DATA PROVIDED:
┄┄┄┄┄┄
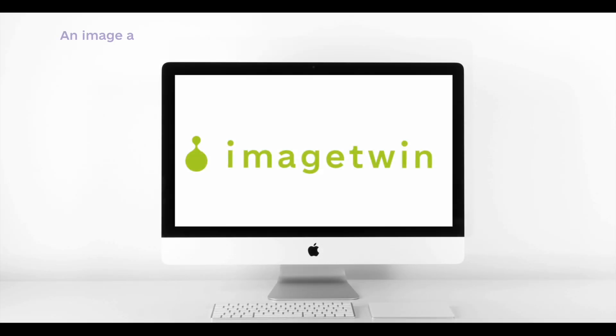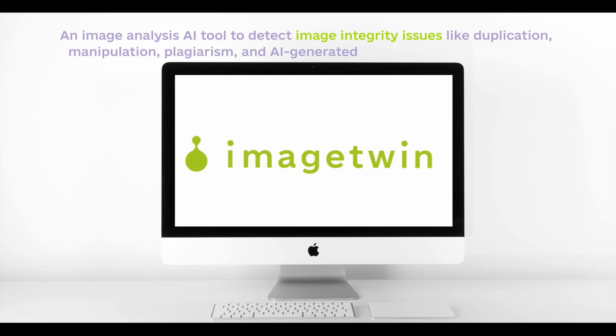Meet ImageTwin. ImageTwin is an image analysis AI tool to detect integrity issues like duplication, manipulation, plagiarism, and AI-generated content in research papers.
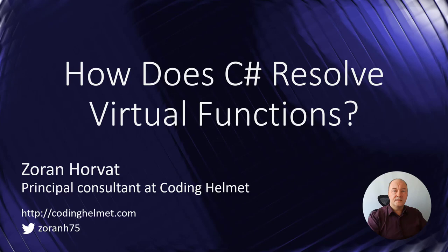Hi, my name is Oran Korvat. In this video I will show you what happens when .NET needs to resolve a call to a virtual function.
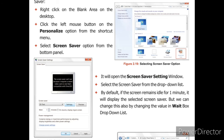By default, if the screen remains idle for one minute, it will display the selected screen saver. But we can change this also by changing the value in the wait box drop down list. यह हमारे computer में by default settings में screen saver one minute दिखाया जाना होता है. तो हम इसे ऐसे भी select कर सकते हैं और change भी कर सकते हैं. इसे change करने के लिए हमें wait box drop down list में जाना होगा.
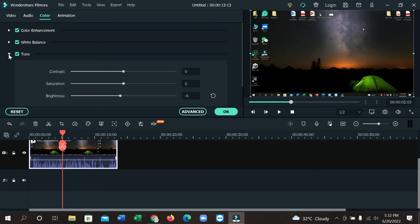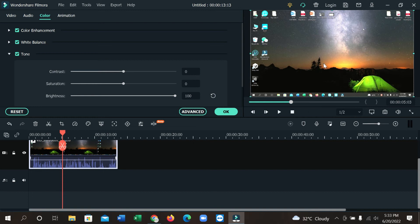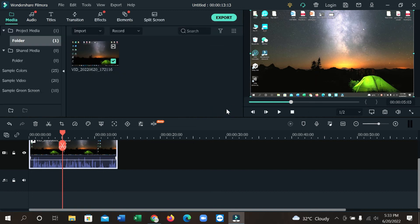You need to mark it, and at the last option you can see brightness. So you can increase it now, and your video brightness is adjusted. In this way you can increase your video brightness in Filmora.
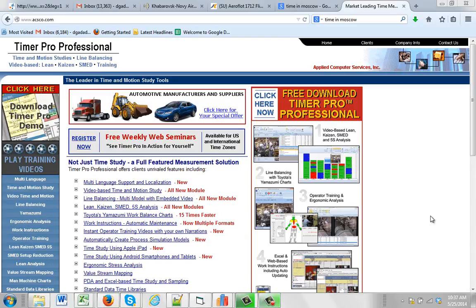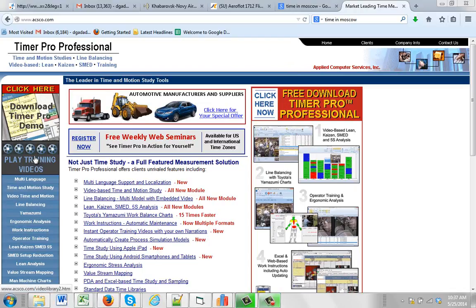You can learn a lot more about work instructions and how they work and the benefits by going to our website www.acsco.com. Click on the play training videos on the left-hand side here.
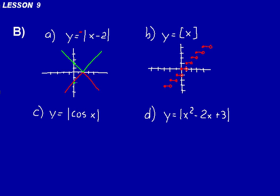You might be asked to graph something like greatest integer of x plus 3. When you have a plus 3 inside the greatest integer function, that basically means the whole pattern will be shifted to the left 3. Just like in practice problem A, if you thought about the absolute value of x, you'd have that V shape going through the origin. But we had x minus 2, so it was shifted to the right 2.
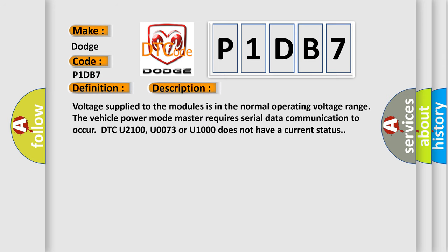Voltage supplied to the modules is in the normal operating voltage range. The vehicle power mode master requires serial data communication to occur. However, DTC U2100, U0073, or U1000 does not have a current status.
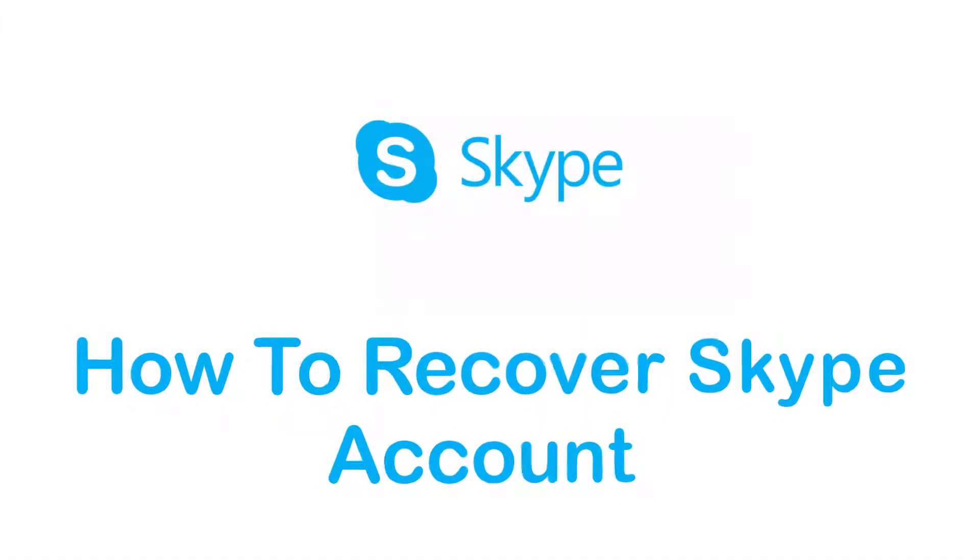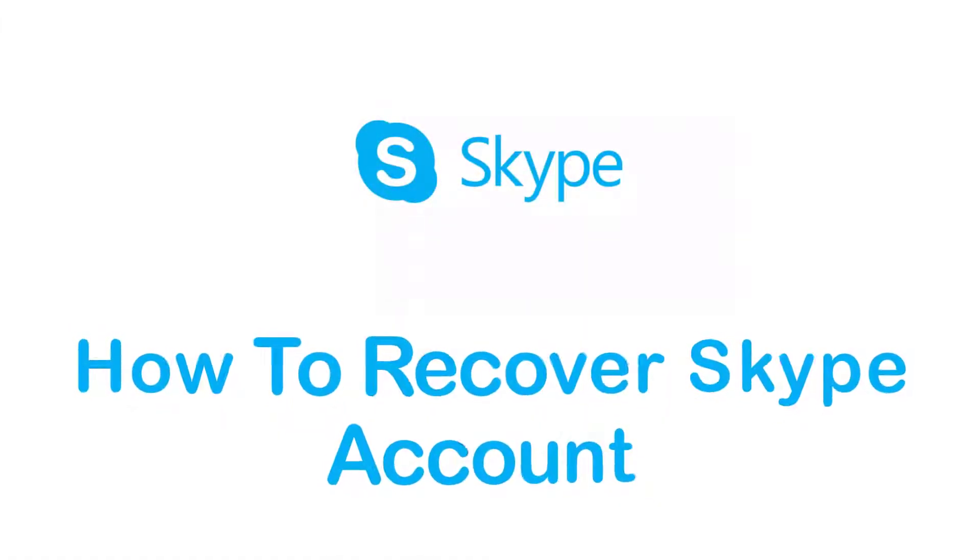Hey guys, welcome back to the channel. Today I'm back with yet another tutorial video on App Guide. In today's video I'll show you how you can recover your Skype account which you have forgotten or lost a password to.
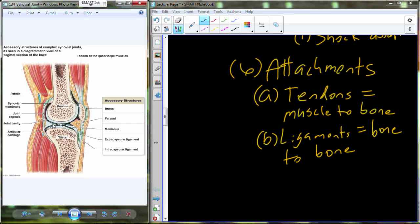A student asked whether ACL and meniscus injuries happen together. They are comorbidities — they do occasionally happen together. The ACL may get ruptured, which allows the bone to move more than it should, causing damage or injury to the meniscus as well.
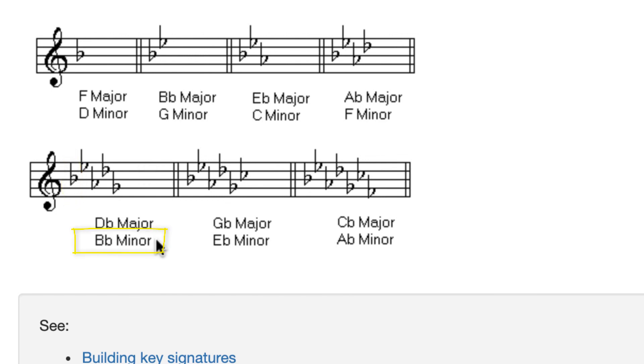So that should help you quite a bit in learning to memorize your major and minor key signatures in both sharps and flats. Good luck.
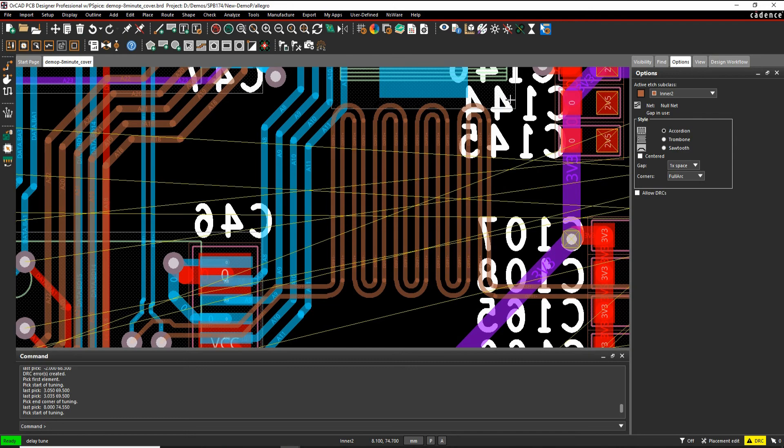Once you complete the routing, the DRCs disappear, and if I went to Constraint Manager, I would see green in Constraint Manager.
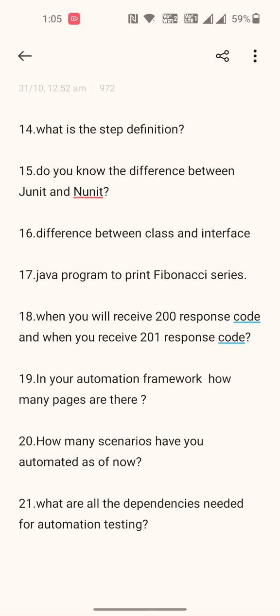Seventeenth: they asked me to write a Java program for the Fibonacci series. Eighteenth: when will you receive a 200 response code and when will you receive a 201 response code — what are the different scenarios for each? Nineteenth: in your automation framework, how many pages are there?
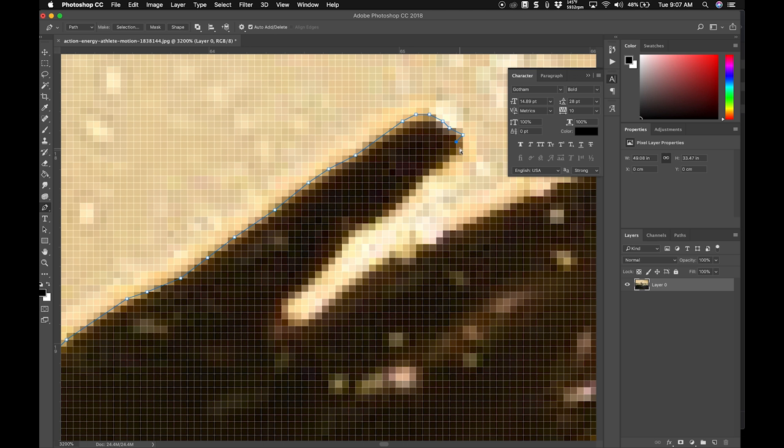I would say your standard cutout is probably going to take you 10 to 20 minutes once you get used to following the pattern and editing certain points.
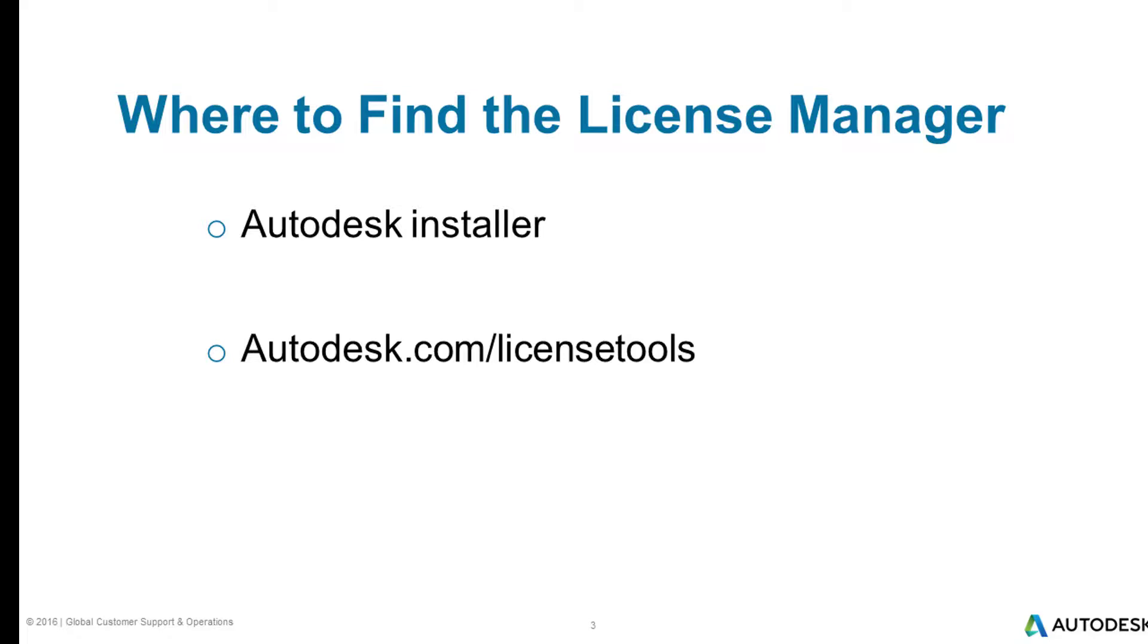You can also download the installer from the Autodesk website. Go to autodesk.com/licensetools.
┄┄┄┄┄┄
EXERCISE PROMPT:
Reproduce the lines above exactly, image-free.

SOLVED PROBLEM:
Meet ImageTwin. ImageTwin is an image analysis AI tool to detect integrity issues like duplication, manipulation, plagiarism, and AI-generated content in research papers.
Hi, my name is Oran Korvat. In this video I will show you what happens when .NET needs to resolve a call to a virtual function.
By default, if the screen remains idle for one minute, it will display the selected screen saver. But we can change this also by changing the value in the wait box drop down list. यह हमारे computer में by default settings में screen saver one minute दिखाया जाना होता है. तो हम इसे ऐसे भी select कर सकते हैं और change भी कर सकते हैं. इसे change करने के लिए हमें wait box drop down list में जाना होगा.
You need to mark it, and at the last option you can see brightness. So you can increase it now, and your video brightness is adjusted. In this way you can increase your video brightness in Filmora.
You can learn a lot more about work instructions and how they work and the benefits by going to our website www.acsco.com. Click on the play training videos on the left-hand side here.
You might be asked to graph something like greatest integer of x plus 3. When you have a plus 3 inside the greatest integer function, that basically means the whole pattern will be shifted to the left 3. Just like in practice problem A, if you thought about the absolute value of x, you'd have that V shape going through the origin. But we had x minus 2, so it was shifted to the right 2.
Voltage supplied to the modules is in the normal operating voltage range. The vehicle power mode master requires serial data communication to occur. However, DTC U2100, U0073, or U1000 does not have a current status.
Hey guys, welcome back to the channel. Today I'm back with yet another tutorial video on App Guide. In today's video I'll show you how you can recover your Skype account which you have forgotten or lost a password to.
A student asked whether ACL and meniscus injuries happen together. They are comorbidities — they do occasionally happen together. The ACL may get ruptured, which allows the bone to move more than it should, causing damage or injury to the meniscus as well.
So that should help you quite a bit in learning to memorize your major and minor key signatures in both sharps and flats. Good luck.
Once you complete the routing, the DRCs disappear, and if I went to Constraint Manager, I would see green in Constraint Manager.
Seventeenth: they asked me to write a Java program for the Fibonacci series. Eighteenth: when will you receive a 200 response code and when will you receive a 201 response code — what are the different scenarios for each? Nineteenth: in your automation framework, how many pages are there?
I would say your standard cutout is probably going to take you 10 to 20 minutes once you get used to following the pattern and editing certain points.
You can also download the installer from the Autodesk website. Go to autodesk.com/licensetools.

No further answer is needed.